LONDON Oct. 12, 2007 (Dow Jones Newswire)
Crude oil production from Nigeria's troubled Niger Delta region looks set to continue its recovery in the months ahead, Nigeria's finance minister told Dow Jones Newswires Friday.
Shamsuddeen Usman said Royal Dutch Shell's (RDSA) move to lift a force majeure on its Forcados facility pointed to increased supply from Nigeria's crucial oil producing region, where oil production has been hit by persistent attacks from militia groups.
"Things are already getting better in the Niger Delta, if Shell is also telling us this - that things are getting better and that they are beginning to get back in to the areas they left in the Delta - then we can believe it," said Usman. "The local communities are engaged in the process, and the future prognosis is good."
Currently, around 450,000 barrels a day of Nigeria's crude oil production is offline as a result of the violence, but at one stage, 900,000 barrels a day of production was shut in.
The Forcados platform operated at a capacity of 380,000 barrels a day prior to the militant attacks but traders said production from the field has picked up in the last four months.
Continued violence at the heart of the country's oil producing region this year is thought to have dented Nigeria's oil dependent economy and bolstered global crude prices.
Usman's National Assembly 2008 Budget proposal assumes a budget oil price of $54 a barrel and increased oil production, signaling at least the intent of more expansionary fiscal policy.
But the Minister said he has decided to remain cautious on what the country can expect from its oil revenues.
"We're being more conservative: its the worse case scenario (model)," he said. "The assumption is that it (production) will remain flat, or may go down a little."
In the past, the ministry planned its budget based on $35 a barrel and in 2006, $40 a barrel.
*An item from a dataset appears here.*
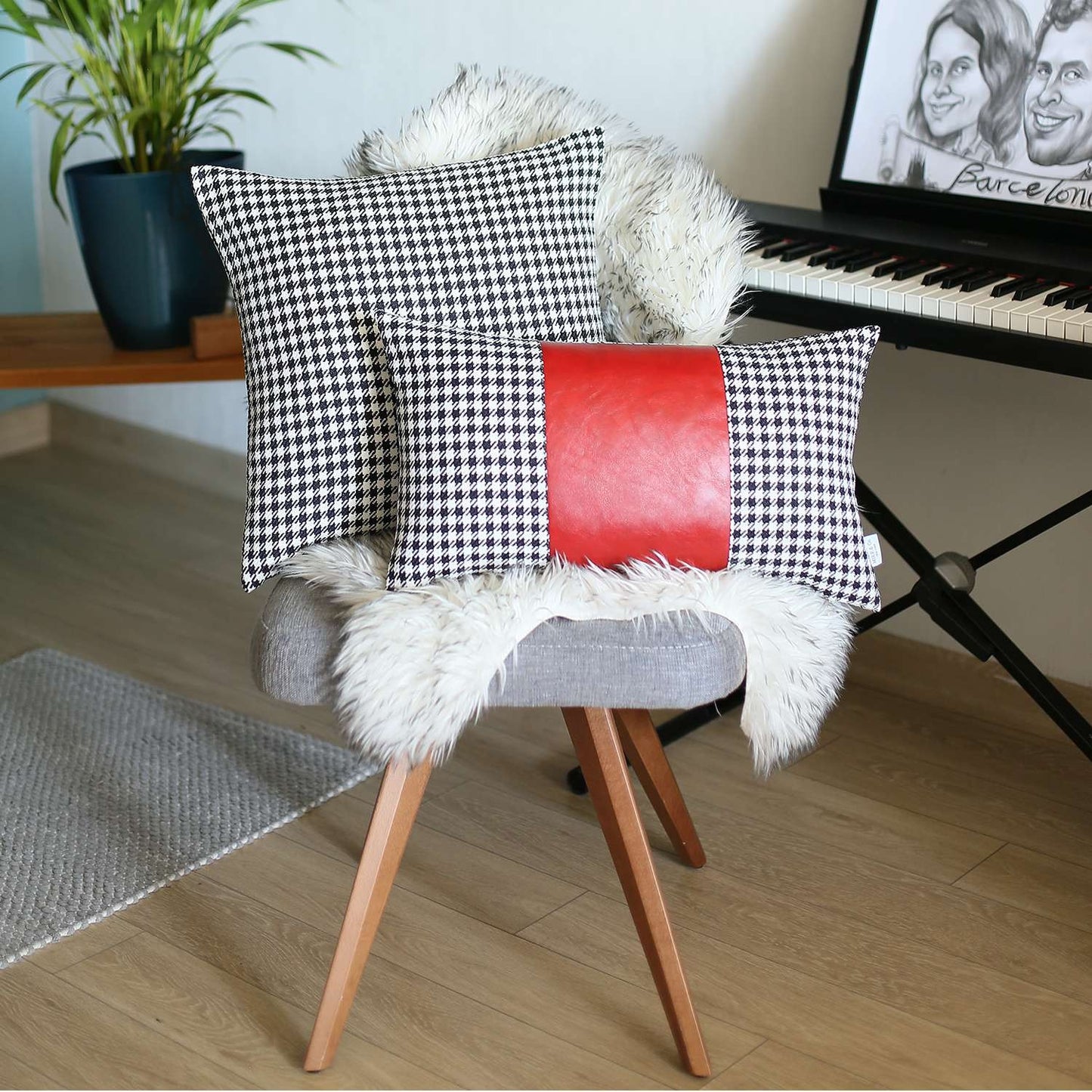 18" X 18" Grey Houndstooth Zippered Handmade Polyester Throw Pillow Cover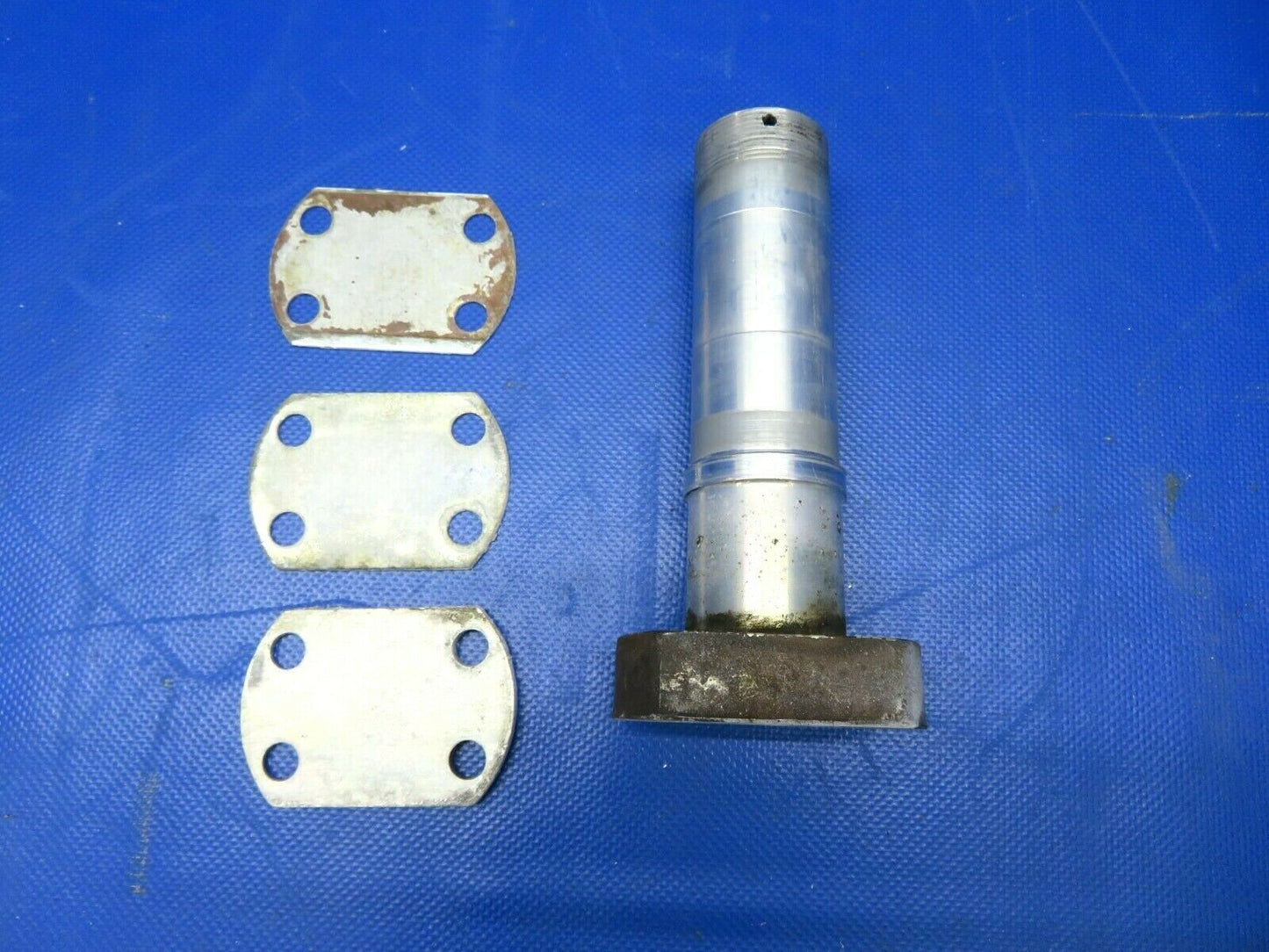 Cessna 150 / 150K Main Gear Axle Aluminum w/ Shims P/N 0541124 (0721-978)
Then, the excess crude fund was continuously used to make up for shortfalls. The new assumption is $53.80 a barrel.
"We have upped it slightly to make allowance for potential shortfalls of production," Usman said. "In the past, the effect of the Niger Delta has been underestimated, and we have had to fall back on using the excess crude account. So this time have decided to be more realistic."
Nigeria's oil dependent economy still faces considerable challenges. Its fiscal policy is being squeezed by a 15% public sector wage hike agreed in May amid threats of widespread strike action. The agreement will divert $1.35 billion away from the country's capital expenditure and $609 million in new spending for 2007. Windfall oil prices create a comfortable surplus, but Nigeria is still struggling to make its oil pay off in the long term.